Action item:
Reproduce exactly, and only, the lines of the material below running from the line bearing "23 Gladstone Street, Burwood NSW 2134" through the line bearing "DYSON Filters DC33". Leave any pictures out.

Input material:
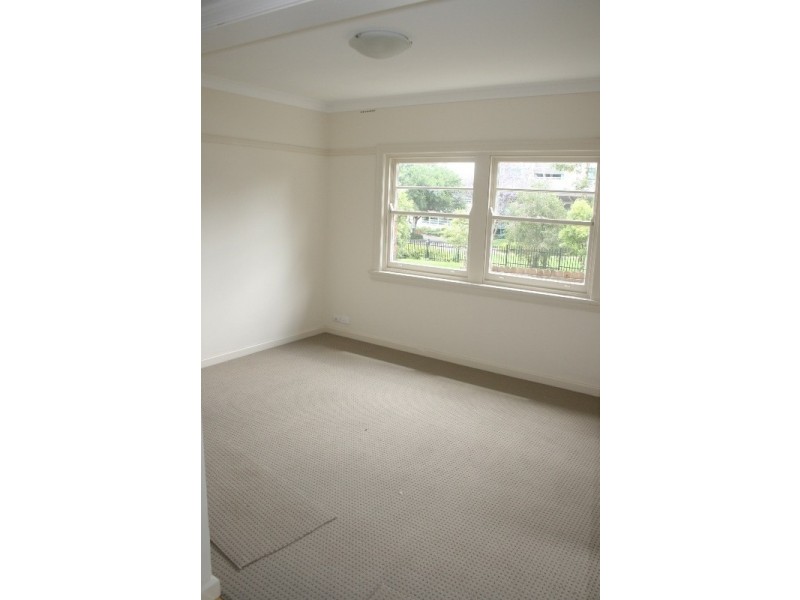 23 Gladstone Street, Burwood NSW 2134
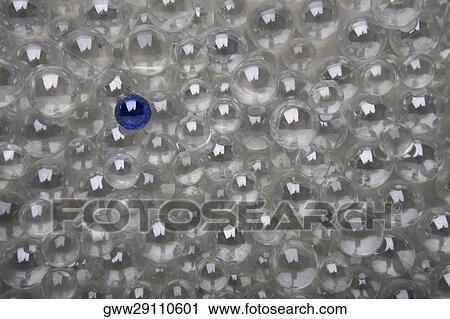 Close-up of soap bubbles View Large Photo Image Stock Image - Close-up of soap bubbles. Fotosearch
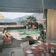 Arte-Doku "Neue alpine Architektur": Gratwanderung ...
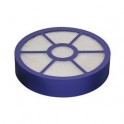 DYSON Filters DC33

---

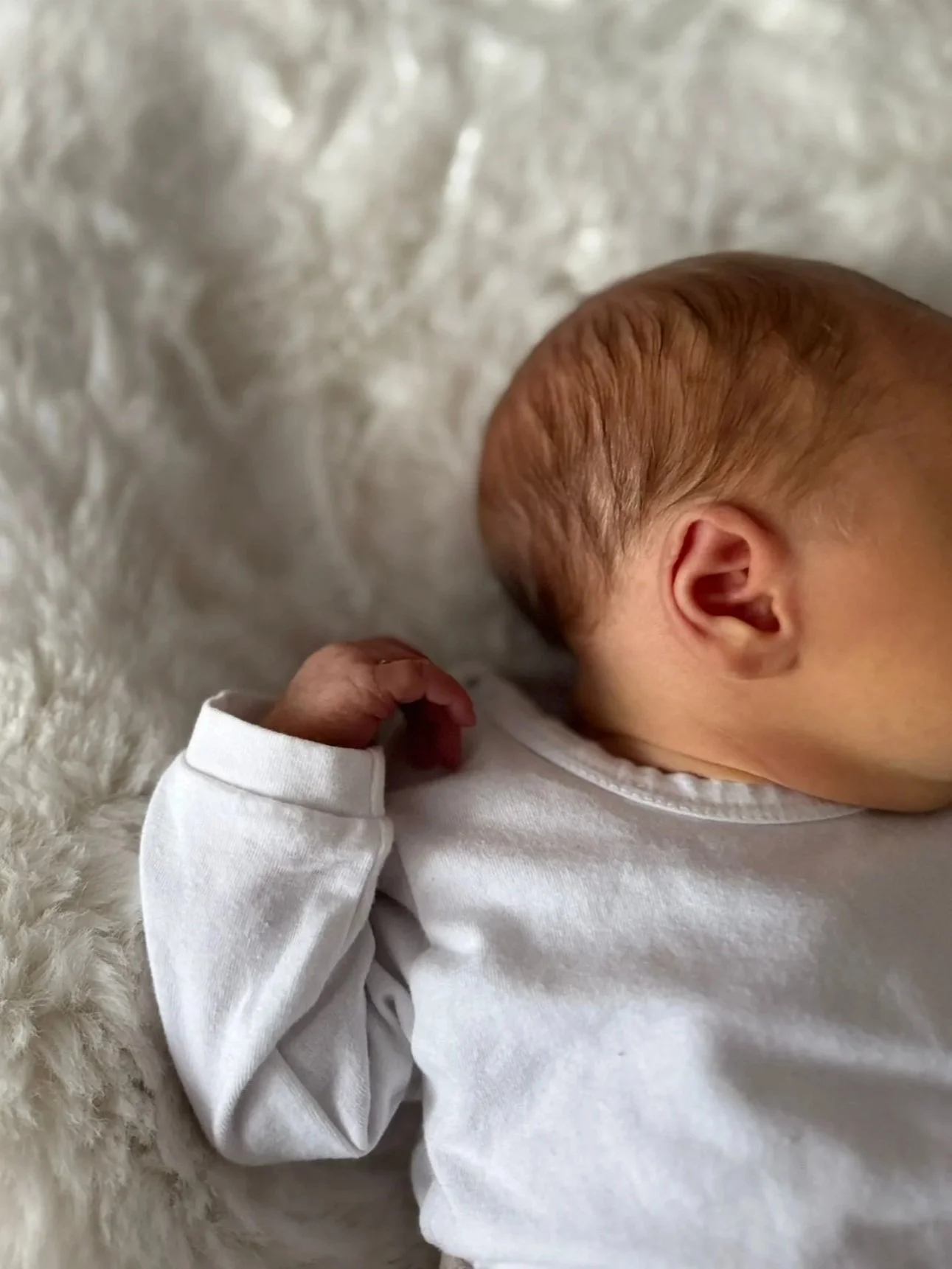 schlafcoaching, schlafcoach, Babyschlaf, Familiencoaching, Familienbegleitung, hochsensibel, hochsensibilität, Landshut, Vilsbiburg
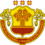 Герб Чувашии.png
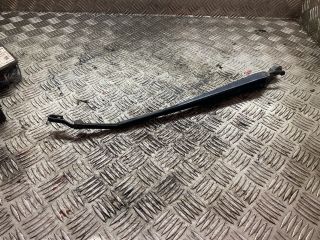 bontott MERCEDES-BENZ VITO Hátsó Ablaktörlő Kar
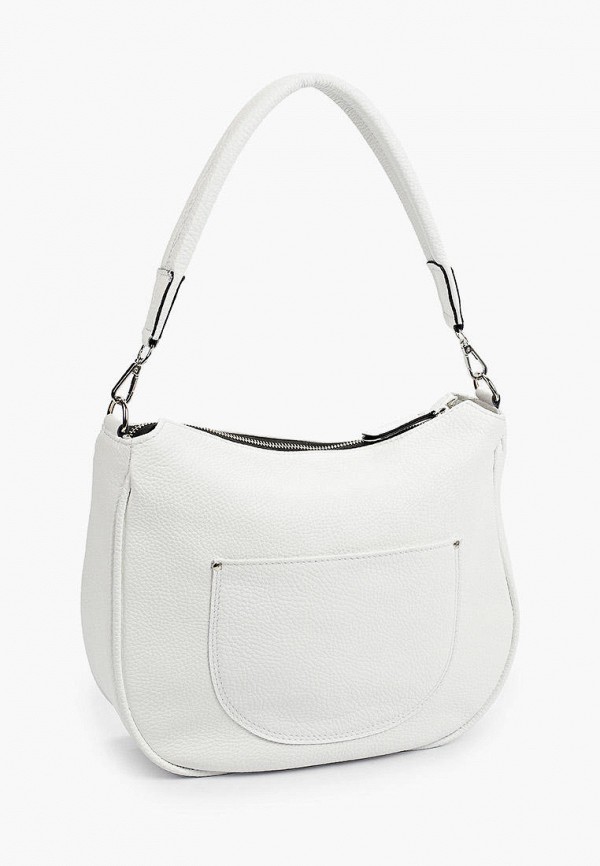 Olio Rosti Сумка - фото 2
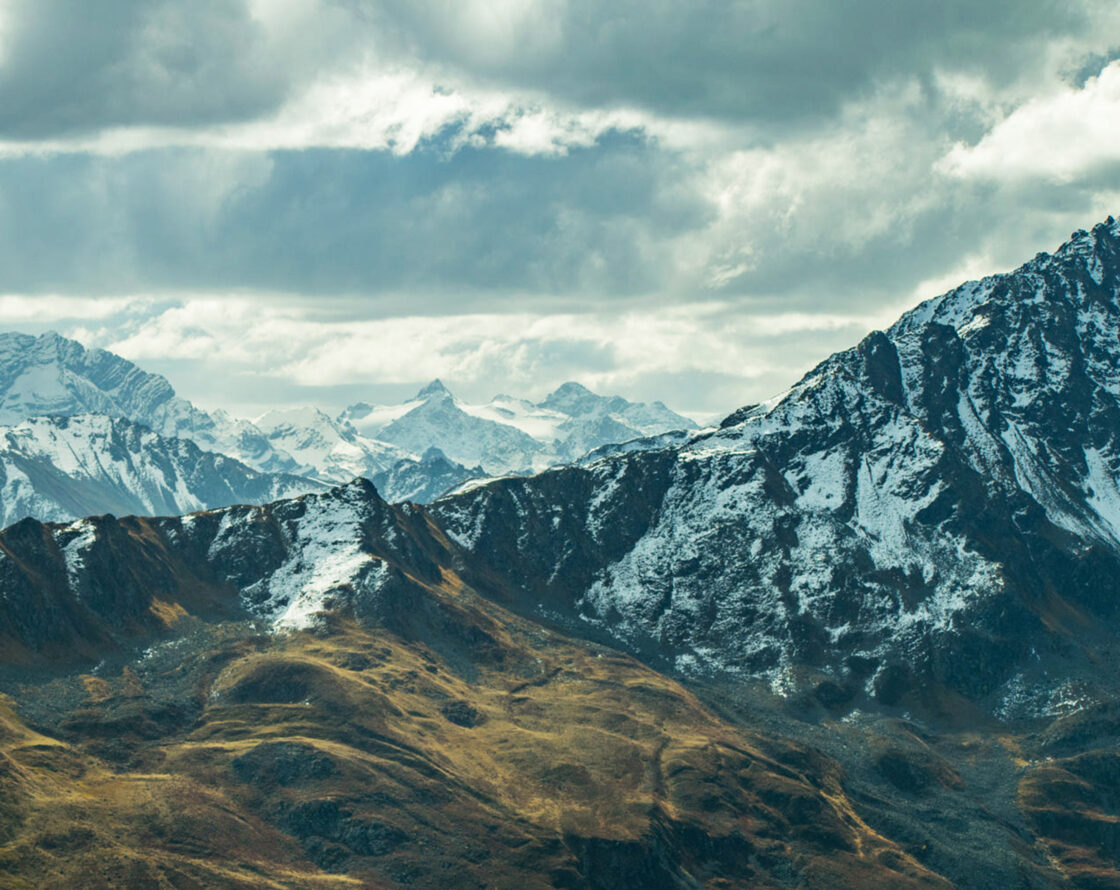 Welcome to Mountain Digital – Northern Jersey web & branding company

==

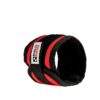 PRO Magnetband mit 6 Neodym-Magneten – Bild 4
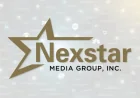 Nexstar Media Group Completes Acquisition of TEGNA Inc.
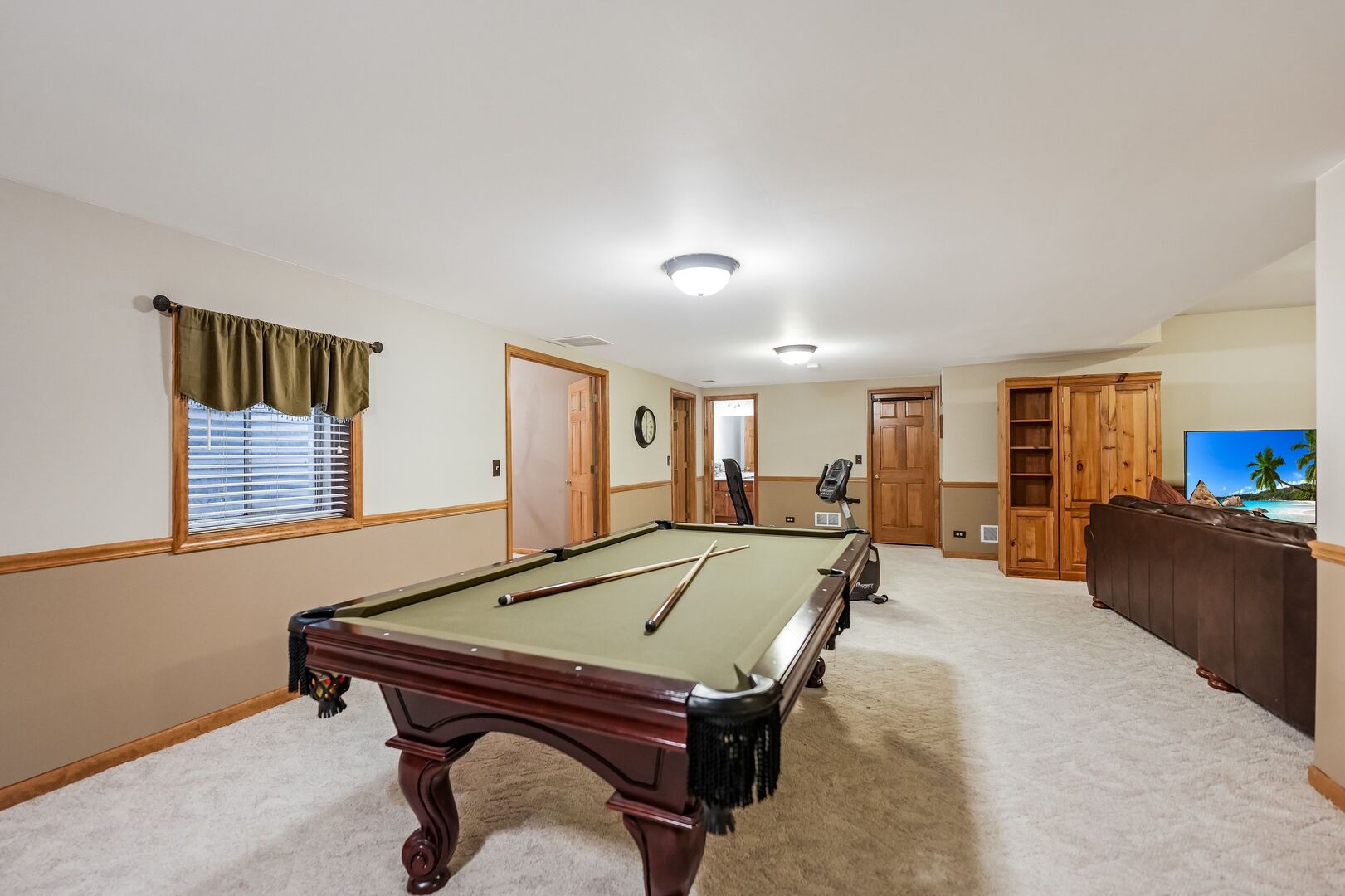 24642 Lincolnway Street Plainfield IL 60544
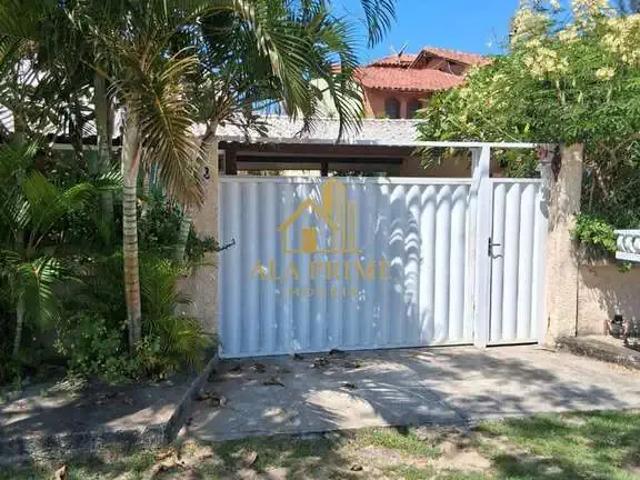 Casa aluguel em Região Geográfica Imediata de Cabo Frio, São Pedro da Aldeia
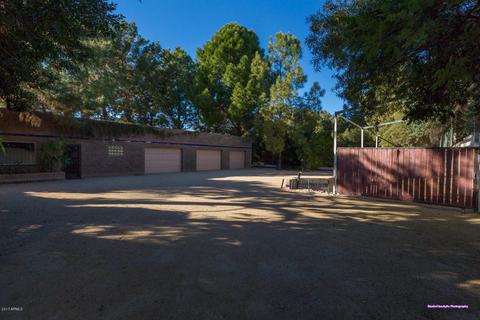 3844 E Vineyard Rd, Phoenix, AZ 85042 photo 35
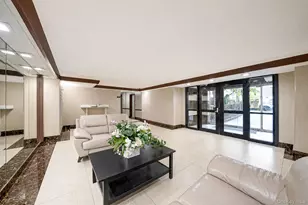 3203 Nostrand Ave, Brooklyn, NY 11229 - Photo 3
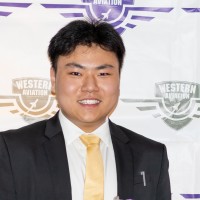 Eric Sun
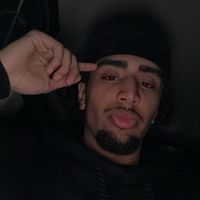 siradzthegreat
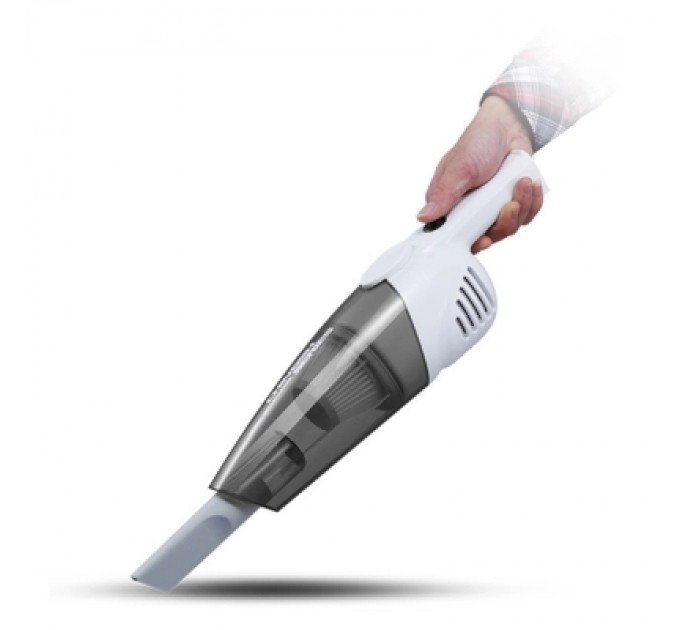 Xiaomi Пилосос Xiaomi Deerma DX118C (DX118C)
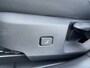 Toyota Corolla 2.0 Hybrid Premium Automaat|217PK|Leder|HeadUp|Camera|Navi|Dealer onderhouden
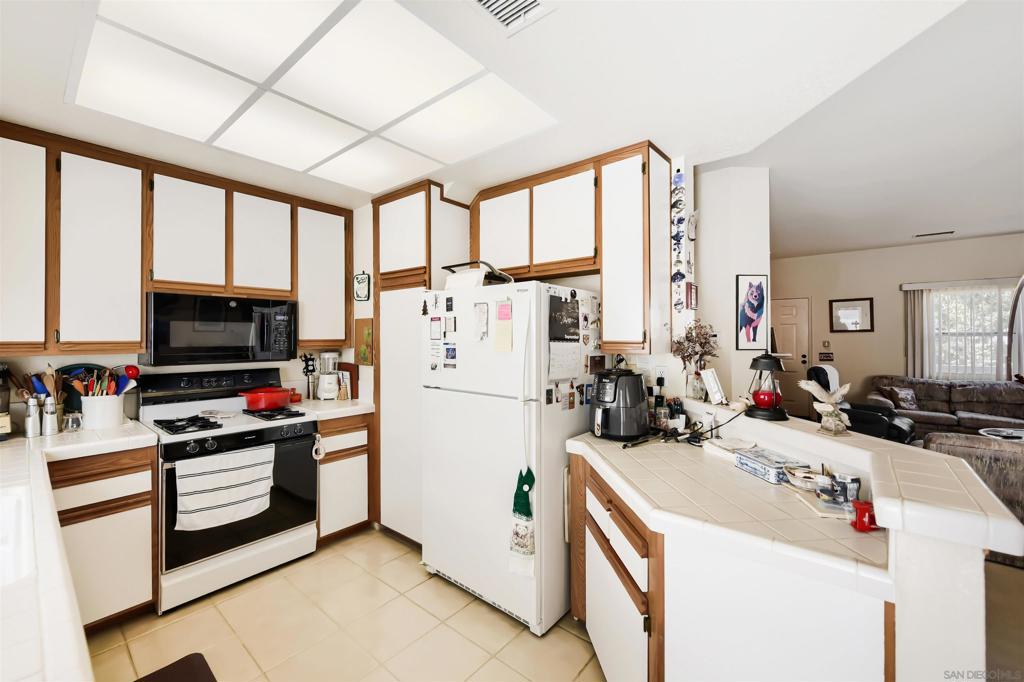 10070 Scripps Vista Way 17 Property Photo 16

Task response:
 23 Gladstone Street, Burwood NSW 2134
 Close-up of soap bubbles View Large Photo Image Stock Image - Close-up of soap bubbles. Fotosearch
 Arte-Doku "Neue alpine Architektur": Gratwanderung ...
 DYSON Filters DC33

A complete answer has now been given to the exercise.